| Task to carry out |
All records are to be retyped faithfully and completely.

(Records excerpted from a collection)
####

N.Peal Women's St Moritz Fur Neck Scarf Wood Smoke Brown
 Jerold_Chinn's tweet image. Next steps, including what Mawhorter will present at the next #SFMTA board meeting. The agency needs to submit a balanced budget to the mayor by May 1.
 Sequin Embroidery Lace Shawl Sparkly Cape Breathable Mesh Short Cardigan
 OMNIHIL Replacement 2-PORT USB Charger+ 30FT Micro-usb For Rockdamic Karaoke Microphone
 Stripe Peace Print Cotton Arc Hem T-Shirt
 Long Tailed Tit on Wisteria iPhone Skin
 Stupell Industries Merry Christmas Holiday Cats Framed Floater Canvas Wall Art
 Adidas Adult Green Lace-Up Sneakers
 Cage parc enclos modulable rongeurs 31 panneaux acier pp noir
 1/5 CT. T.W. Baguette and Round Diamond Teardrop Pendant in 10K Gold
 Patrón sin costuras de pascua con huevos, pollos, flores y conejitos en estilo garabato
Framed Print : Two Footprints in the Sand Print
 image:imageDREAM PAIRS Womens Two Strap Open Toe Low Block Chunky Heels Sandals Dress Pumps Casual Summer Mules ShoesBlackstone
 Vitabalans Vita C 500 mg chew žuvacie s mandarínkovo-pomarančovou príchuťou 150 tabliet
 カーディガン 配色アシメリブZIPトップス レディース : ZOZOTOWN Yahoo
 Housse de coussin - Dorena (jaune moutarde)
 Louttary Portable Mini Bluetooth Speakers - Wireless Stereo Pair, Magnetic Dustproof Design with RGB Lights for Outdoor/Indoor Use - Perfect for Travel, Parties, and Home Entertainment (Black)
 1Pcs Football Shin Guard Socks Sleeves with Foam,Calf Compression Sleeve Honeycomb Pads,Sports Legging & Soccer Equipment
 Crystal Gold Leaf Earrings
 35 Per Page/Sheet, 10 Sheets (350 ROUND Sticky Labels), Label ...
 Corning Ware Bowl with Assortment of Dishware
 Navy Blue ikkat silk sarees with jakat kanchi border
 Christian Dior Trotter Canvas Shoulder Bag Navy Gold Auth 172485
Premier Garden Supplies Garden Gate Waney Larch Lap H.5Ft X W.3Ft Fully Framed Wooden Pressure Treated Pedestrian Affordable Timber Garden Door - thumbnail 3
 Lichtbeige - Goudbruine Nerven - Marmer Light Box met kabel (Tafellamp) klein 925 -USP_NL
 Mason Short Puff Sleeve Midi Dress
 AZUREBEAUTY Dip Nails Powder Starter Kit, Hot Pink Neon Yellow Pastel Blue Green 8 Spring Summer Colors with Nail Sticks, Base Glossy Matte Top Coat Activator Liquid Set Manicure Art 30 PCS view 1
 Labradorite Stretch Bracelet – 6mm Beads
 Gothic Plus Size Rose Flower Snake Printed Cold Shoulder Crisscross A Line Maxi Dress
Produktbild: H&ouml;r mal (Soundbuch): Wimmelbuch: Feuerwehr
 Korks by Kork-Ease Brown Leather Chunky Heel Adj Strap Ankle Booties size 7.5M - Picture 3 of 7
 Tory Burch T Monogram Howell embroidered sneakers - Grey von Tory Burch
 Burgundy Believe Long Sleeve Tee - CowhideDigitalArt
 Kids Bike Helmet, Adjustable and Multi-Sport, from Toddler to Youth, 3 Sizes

####

| Written response |
N.Peal Women's St Moritz Fur Neck Scarf Wood Smoke Brown
 Jerold_Chinn's tweet image. Next steps, including what Mawhorter will present at the next #SFMTA board meeting. The agency needs to submit a balanced budget to the mayor by May 1.
 Sequin Embroidery Lace Shawl Sparkly Cape Breathable Mesh Short Cardigan
 OMNIHIL Replacement 2-PORT USB Charger+ 30FT Micro-usb For Rockdamic Karaoke Microphone
 Stripe Peace Print Cotton Arc Hem T-Shirt
 Long Tailed Tit on Wisteria iPhone Skin
 Stupell Industries Merry Christmas Holiday Cats Framed Floater Canvas Wall Art
 Adidas Adult Green Lace-Up Sneakers
 Cage parc enclos modulable rongeurs 31 panneaux acier pp noir
 1/5 CT. T.W. Baguette and Round Diamond Teardrop Pendant in 10K Gold
 Patrón sin costuras de pascua con huevos, pollos, flores y conejitos en estilo garabato
Framed Print : Two Footprints in the Sand Print
 image:imageDREAM PAIRS Womens Two Strap Open Toe Low Block Chunky Heels Sandals Dress Pumps Casual Summer Mules ShoesBlackstone
 Vitabalans Vita C 500 mg chew žuvacie s mandarínkovo-pomarančovou príchuťou 150 tabliet
 カーディガン 配色アシメリブZIPトップス レディース : ZOZOTOWN Yahoo
 Housse de coussin - Dorena (jaune moutarde)
 Louttary Portable Mini Bluetooth Speakers - Wireless Stereo Pair, Magnetic Dustproof Design with RGB Lights for Outdoor/Indoor Use - Perfect for Travel, Parties, and Home Entertainment (Black)
 1Pcs Football Shin Guard Socks Sleeves with Foam,Calf Compression Sleeve Honeycomb Pads,Sports Legging & Soccer Equipment
 Crystal Gold Leaf Earrings
 35 Per Page/Sheet, 10 Sheets (350 ROUND Sticky Labels), Label ...
 Corning Ware Bowl with Assortment of Dishware
 Navy Blue ikkat silk sarees with jakat kanchi border
 Christian Dior Trotter Canvas Shoulder Bag Navy Gold Auth 172485
Premier Garden Supplies Garden Gate Waney Larch Lap H.5Ft X W.3Ft Fully Framed Wooden Pressure Treated Pedestrian Affordable Timber Garden Door - thumbnail 3
 Lichtbeige - Goudbruine Nerven - Marmer Light Box met kabel (Tafellamp) klein 925 -USP_NL
 Mason Short Puff Sleeve Midi Dress
 AZUREBEAUTY Dip Nails Powder Starter Kit, Hot Pink Neon Yellow Pastel Blue Green 8 Spring Summer Colors with Nail Sticks, Base Glossy Matte Top Coat Activator Liquid Set Manicure Art 30 PCS view 1
 Labradorite Stretch Bracelet – 6mm Beads
 Gothic Plus Size Rose Flower Snake Printed Cold Shoulder Crisscross A Line Maxi Dress
Produktbild: H&ouml;r mal (Soundbuch): Wimmelbuch: Feuerwehr
 Korks by Kork-Ease Brown Leather Chunky Heel Adj Strap Ankle Booties size 7.5M - Picture 3 of 7
 Tory Burch T Monogram Howell embroidered sneakers - Grey von Tory Burch
 Burgundy Believe Long Sleeve Tee - CowhideDigitalArt
 Kids Bike Helmet, Adjustable and Multi-Sport, from Toddler to Youth, 3 Sizes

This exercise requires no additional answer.